Print

Print


In practice it seems to mean UTF-8. At least I've only seen UTF-8, and I can't imagine the code that processes this stuff being safe for UTF-16 or UTF-32. All of the offsets are byte-oriented, and there's too much legacy code that makes assumption about null-terminated strings.

-Tod

On Apr 17, 2012, at 6:55 PM, Jonathan Rochkind wrote:

> Okay, forget XML for a moment, let's just look at marc 'binary'.
> 
> First, for Anglophone-centric MARC21.
> 
> The LC docs don't actually say quite what I thought about leader byte 09, used to advertise encoding:
> 
> 
> a - UCS/Unicode
> Character coding in the record makes use of characters from the Universal Coded Character Set (UCS) (ISO 10646), or Unicode™, an industry subset.
> 
> 
> 
> That doesn't say UTF-8. It says UCS or "Unicode". What does that actually mean?  Does it mean UTF-8, or does it mean UTF-16 (closer to what used to be called "UCS" I think?).  Whatever it actually means, do people violate it in the wild?
> 
> 
> 
> Now we get to non-Anglophone centric marc.

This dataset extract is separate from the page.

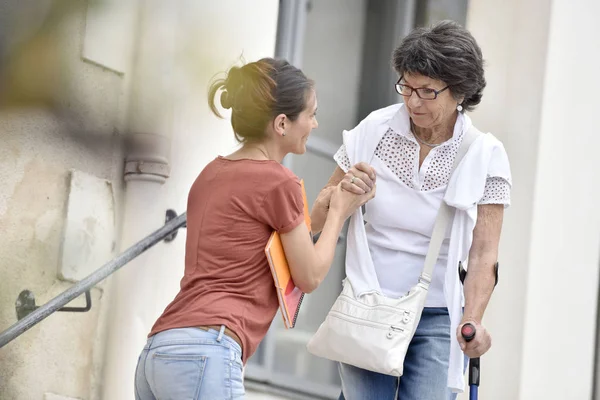 Home carer helping disabled woman — Stock Photo, Image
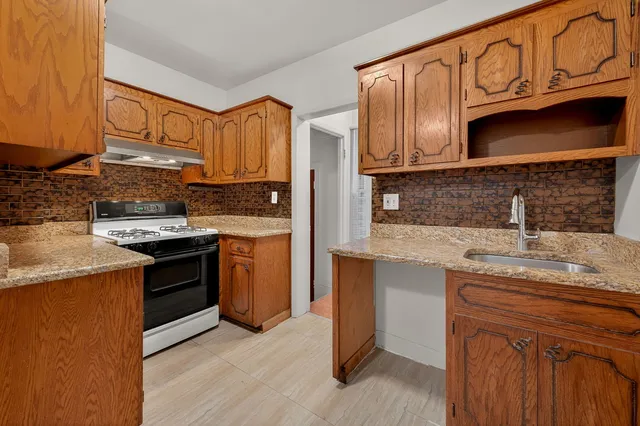 a kitchen with stainless steel appliances granite countertop a sink stove and cabinets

I think all of which is ISO_2709?  A standard which of course is not open access, so I can't get it to see what it says.
> 
> But leader 09 being used for encoding -- is that Marc21 specific, or is it true of any ISO-2709?  Marc8 and "unicode" being the only valid encodings can't be true of any ISO-2709, right?
> 
> Is there a generic ISO-2709 way to deal with this, or not so much?